The Ten Commandments, to a degree, are familiar to everyone. The guidance within them seems intrinsic now, since many of them have become bellwethers whose existence indicate the proliferation of a successful social structure. But at the time, this was all new information to the children of Israel. Most of the themes in the Ten Commandments would not have been a surprise. As we read through them, let’s pick out some of the overriding themes and guidance:

  • God is to be the number one deity and authority figure in their lives and His name is sacred
    • Man is to worship God, not the things that God created
    • Those who love God and keep His commandments will receive mercy
    • Those who hate Him will receive consequences across generations
  • Man was created in God’s image – thus will his work mimic God’s work and he will maintain the seventh day of the week as a day of rest and dedication to the Lord
  • Respect for life and property
    • Protecting the authoritative structure and love in a family is vital
    • Theft and covetousness are not tolerated
  • Honesty
    • Honest with yourself to appreciate what God has given you and not to desire what others have
    • Honesty in speech and deed

These rules, while simple, are far-reaching with many implications. The commandments are intentionally broad, which increases their application in both public and personal life. They are meant to keep the people respectful and fearful of God, but also respectful and kind towards one another. The boundaries of important relationships are drawn and specified, and again we can take a moment to marvel at these simple phrases that have deep and broad implications. For example, think of the infinite number of ways we are called upon to honor our father and mother. This is true from near infancy until the time of their death and even beyond as we honor our parents’ memories. Honoring father and mother is something that a two-year-old can learn and perform, yet must also be achieved by the unruly teenager. And when the honor is achieved, the ramifications are great in terms of example, mental health (for both parents and children), and happiness. Of course we must mention that positive intent must be at play, but that is not the point. The point is that God, in His truly infinite wisdom, is not just telling His people how to live in few words, He is telling them how to thrive. Each commandment has degrees of these far-reaching implications. Not a word was wasted. Of course, as we continue into the chapters ahead, there will be many words (some argue that they are of lesser value) commanding details of life and worship whose intents are more ambiguous than those of the Ten Commandments. But, with these ten simple guidelines, God has given the people a baseline of human interaction that is simple, easy to remember, and amazingly effective.

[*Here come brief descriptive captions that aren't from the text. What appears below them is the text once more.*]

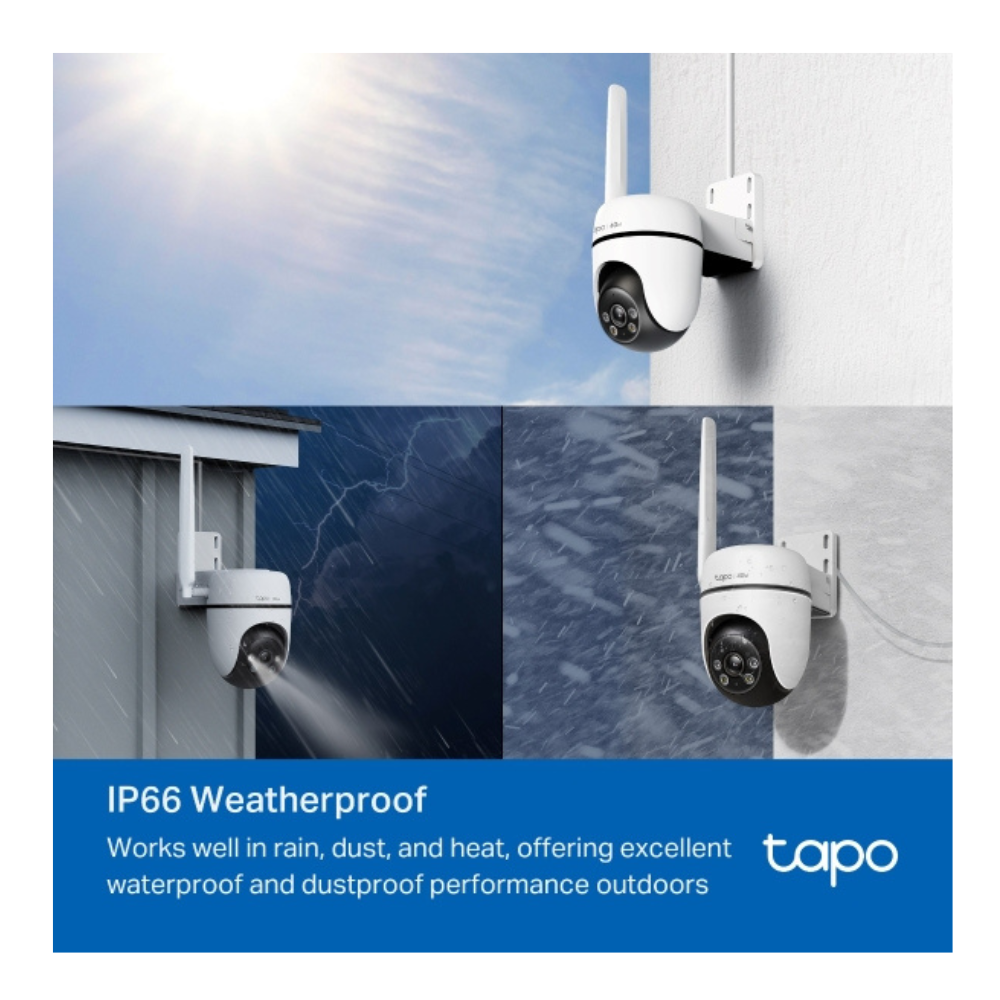 Tp-Link Tapo C501GW Outdoor Pan/Tilt 4G LTE Camera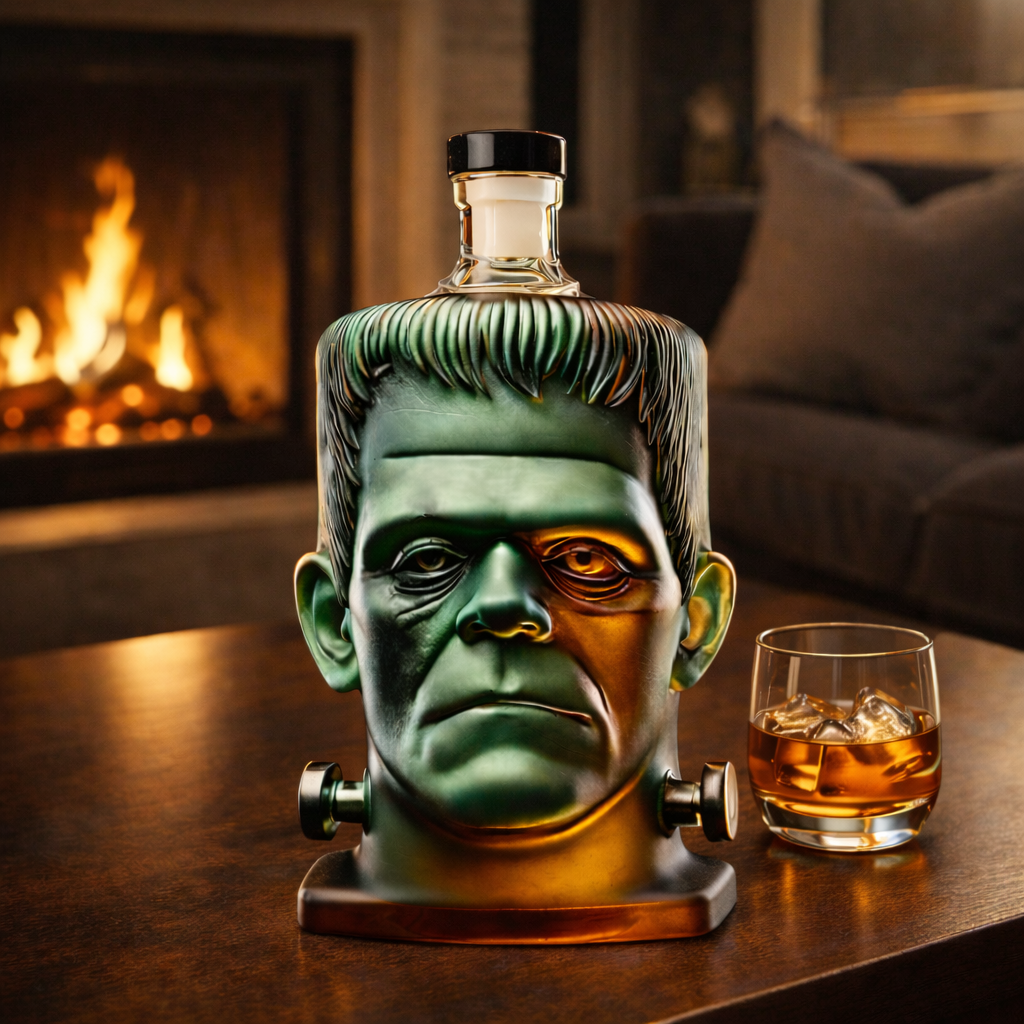 Butelki whisky | Edycja Frankenstein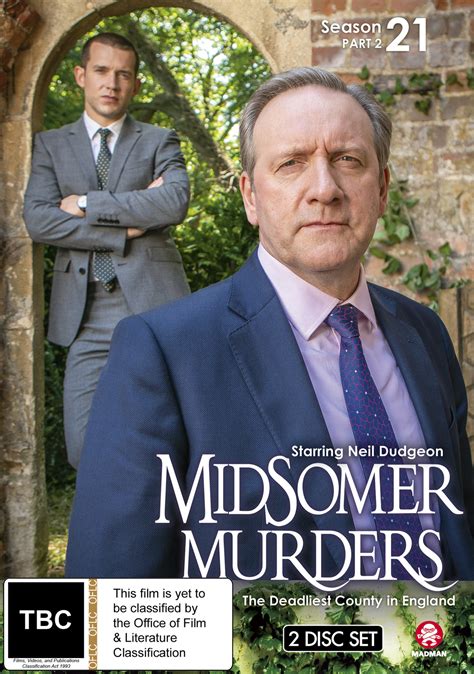 Midsomer Murders Season 21 Part 2 Dvd Pre Order Now At Mighty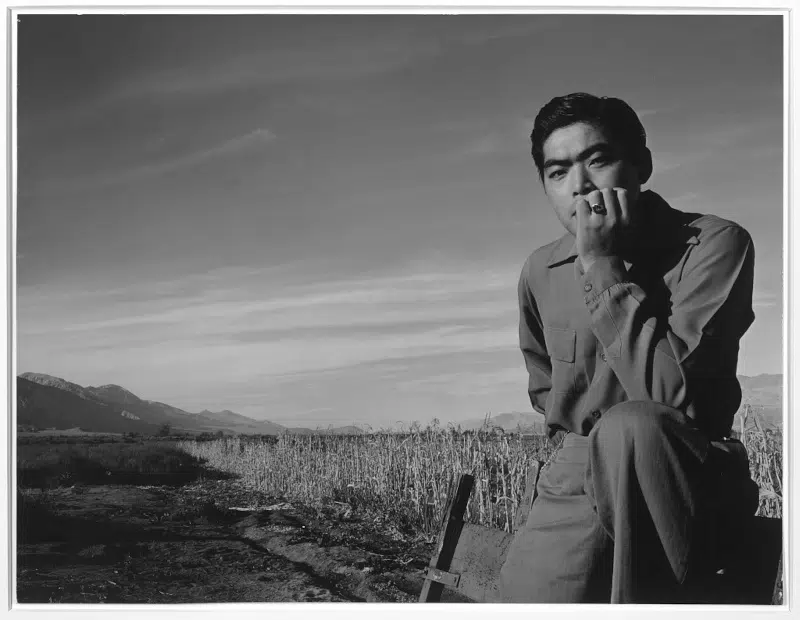 Manzanar Japanese Internment Camp by Ansel Adams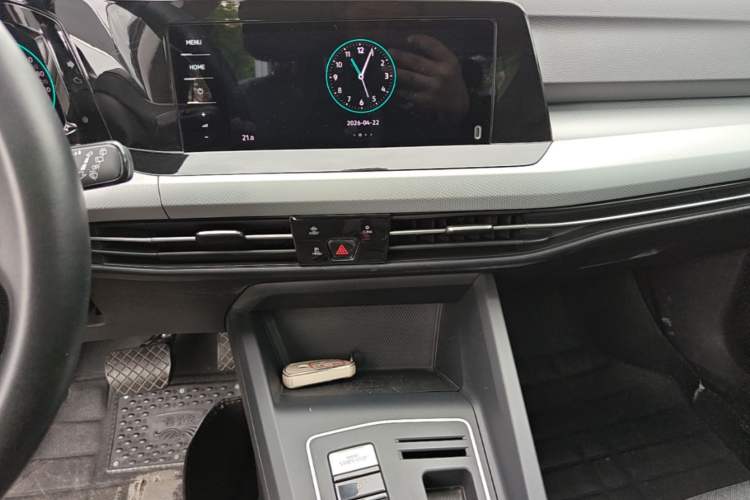 Used Volkswagen Golf 2021 280TSI DSG Pro Audio And AC Panel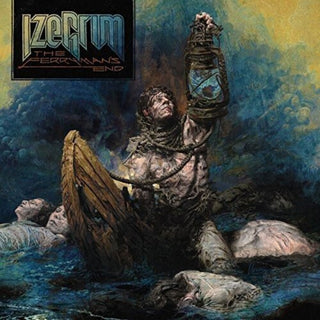 the album cover for Izegrim - Ferryman's End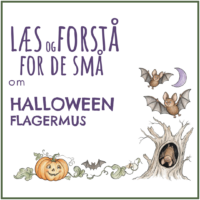 LæsogForstå - for de små - Halloween flagermus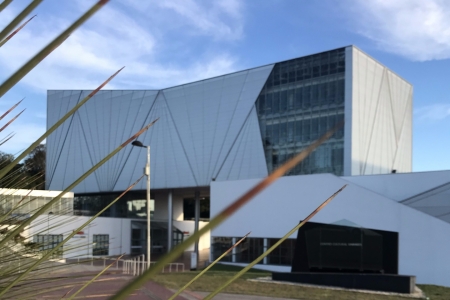 Centro Cultural teve visita dos alunos da Arquitetura da UPF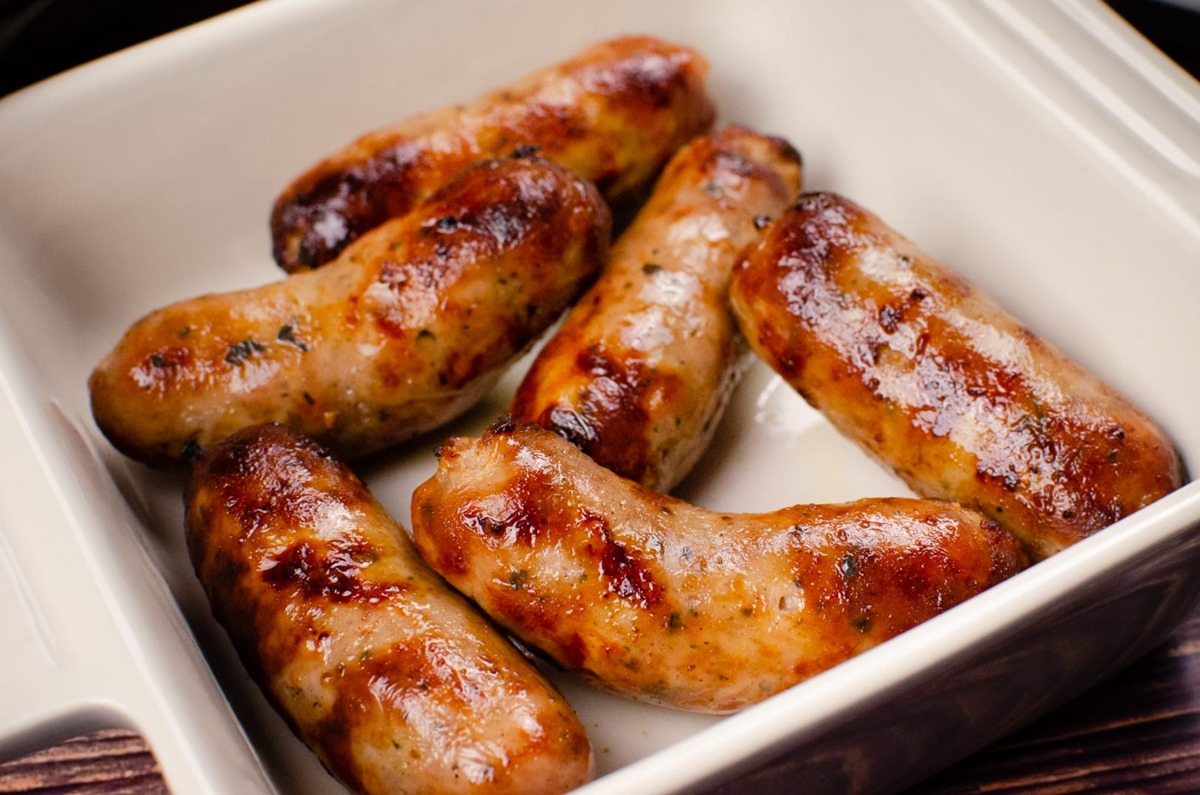 how-to-cook-raw-chicken-sausage-in-air-fryer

The people are just as terrified now as they were in chapter 19 when God came down on the mountain. The nearness of His presence was a weight that they could not bear. Something about the terror of His proximity compelled them to flee and they were afraid that if God spoke to them, they would die. The text is not specific, but we can feel their terror at the Lord. His nearness must have brought a feeling, a terror, that is ineffable: ““You speak with us, and we will hear; but let not God speak with us, lest we die.” Exodus 20:19

Moses calmly explains that God is impressing them with His power, instilling fear in them intentionally so that they are aware of his unmatched mighty power that compels obedience and worship. The people, for now seemingly convinced to avoid sinning against God, remain afar off from His presence.

This chapter ends with the first explicit command to sacrifice to God on an altar. You may remember references in earlier chapters of Moses wanting to go out to build an altar to the Lord while they were in Egypt, but this is the first direct command from God where He specifies that the people sacrifice to Him on an altar. Altars of earth and stone are specified. God has already made the rocks, so there is no need for the people to use their tools to “improve” on what the Lord has already made. Burnt offerings and peace offerings are mentioned, as is the fact that the altar should be at ground level to maintain the humility and purity of the environment. The worship of Canaanite gods involved sexually perverse rituals; nothing of this sort is permitted in the holy worship of the one and true almighty God.

This initial round of instruction is a preamble to many more chapters to come specifying other laws of living, construction of the tabernacle, feasts, and the like. But for now, with these Ten Commandments, we have our inkling for God’s Old Law for mankind in the Old Testament. At the time, though, these laws were anything but old.